The statement just screams to me irrational fear of taxes. Throwing
away higher possible net-after-tax returns because the total $/% of
taxes is higher? Crazy.

Afterwards Hilarity Ensued

unread,
Nov 29, 2006, 12:54:49 AM11/29/06
to

<w...@talisys.com> wrote in message
news:1164754666.9...@l12g2000cwl.googlegroups.com...

> Obviously, things get complicated when you take in all the factors. I
> already issued that caveat. My post was mostly addressing this quote
> from the OP:
>
> "But what if my investments did really well in that shelter? I could
> be saving my way to higher taxes."
>
> The statement just screams to me irrational fear of taxes. Throwing
> away higher possible net-after-tax returns because the total $/% of
> taxes is higher? Crazy.

Well I was the OP and the whole question thread started about what to do
with my tax refund that was given to me specifically because I invested in a
tax deffered plan. I also as the OP said this was my first year of
investing so I have some pretty silly question I'm sure. But shouldn't
careful consideration of taxes be a factor to those of us who are blue
collar worker types?

w...@talisys.com

unread,
Nov 29, 2006, 4:17:06 AM11/29/06
to
Refer back to the numbers in my first reply. You absolutely will pay
way more in taxes over the long run if your money is in the tax
deferred account. 225K+ more for the 30 year example! Seems crazy that
paying nearly a quarter of a million more in taxes could ever be
beneficial. But the key is that tax deferred investments grow a lot
faster than investments taxed every year (assuming
expenses/returns/options are equal). The reason you pay $$$ more is
because tax deferral allowed your investments to grow an extra 1.1M --
575K of that is yours after tax. (Taxable: earn 1.333M, tax 333K, net
1M versus Tax-deferred: earn 2.1M, tax 525K, net 1.575M.) The point
here is to look at the net return numbers. If you pay more in tax but
you still take home more money, that's better than paying less in taxes
because you take home less net.

Previous messages have stated there's no guarantee that tax laws will
not change. Maybe you will be in a much higher bracket. And maybe the
world will be in a global depression where taxes have to be raised
massively. (And likewise, there's no guarantee the favorable tax status
of LTCG and QDIV will remain in place either.) Let's calculate what
your margin for increase is in the 30 year example. 1-(1/2.1) --> 53%.
Your overall tax rate (not the top marginal bracket) can go as high as
53% and still match the performance of the fully-taxed account that was
taxed at 25% every year. A jump from 25% to 53% the year you happen to
retire won't happen (unless you decide to cash the entire thing out to
buy an island versus taking 5% out every year for your living expenses)
-- the entire country would revolt.
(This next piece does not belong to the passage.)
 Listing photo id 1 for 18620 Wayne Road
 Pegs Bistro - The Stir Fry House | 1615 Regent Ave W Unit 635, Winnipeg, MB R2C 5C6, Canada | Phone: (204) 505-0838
If the tax was slowly increased
over time, that would also severely reduce the performance of your
taxable accounts.

Previously, I used a very simple example to illustrate the benefits of
tax-deferred growth. Let's throw in low-turnover index funds using 1%
taxable distributions+9% unrealized gains per year. (1% is being extra
favorable since the typical equity fund yield is ~2% with 5%+ for bonds
and REITs.) Assume you can invest in the same index funds in a
tax-deferred account with the same level of fees. Now we have:

10 year: net 144K versus net 159K
20 year: net 474K versus net 572K
30 year: net 1.28M versus net 1.64M

After 30 years, an extra 250K in a taxable account using index funds --
much better than actively managed funds with high volumes of
transactions. And yet still netting 360K less after all taxes versus
tax deferred growth. Your tax increase margin is now 41%. 25% to 41% --
still very improbable for a 1 year jump.

As for these numbers being applicable to blue color workers - I used a
simple $10K after-tax contribution per year as an example. If you put
$5K in per year, divide all the final numbers by 2. If you put $2500
in, divide by 4. The ratios and percentages stay the same.

Bucky

unread,
Nov 29, 2006, 6:51:55 PM11/29/06
to
Afterwards Hilarity Ensued wrote:
> But shouldn't
> careful consideration of taxes be a factor to those of us who are blue
> collar worker types?

Definitely tax consideration is a big factor, that's why RSPP is
better. You shouldn't be afraid of earning more money on account of
paying more taxes. Keep in mind that tax brackets are marginal, you
will never be worse off hitting a higher tax bracket. The bottom line
is that the exact same investment in the RRSP will result in more money
in your pocket than outside RRSP.

joetaxpayer

unread,
Nov 29, 2006, 8:09:12 PM11/29/06
to

One question for the OP - Do you know what the expenses are for the
funds within your RSPP? It would be expressed as a percent, say 1.2%, or
hopefully in basis points as in 25 bpts (which is .25%). This would help
the precision of the replies. Assuming the fees are low, as low as you
could find outside the account, I lean back toward this answer. If the
fees are higher, that pushes me back to my original position.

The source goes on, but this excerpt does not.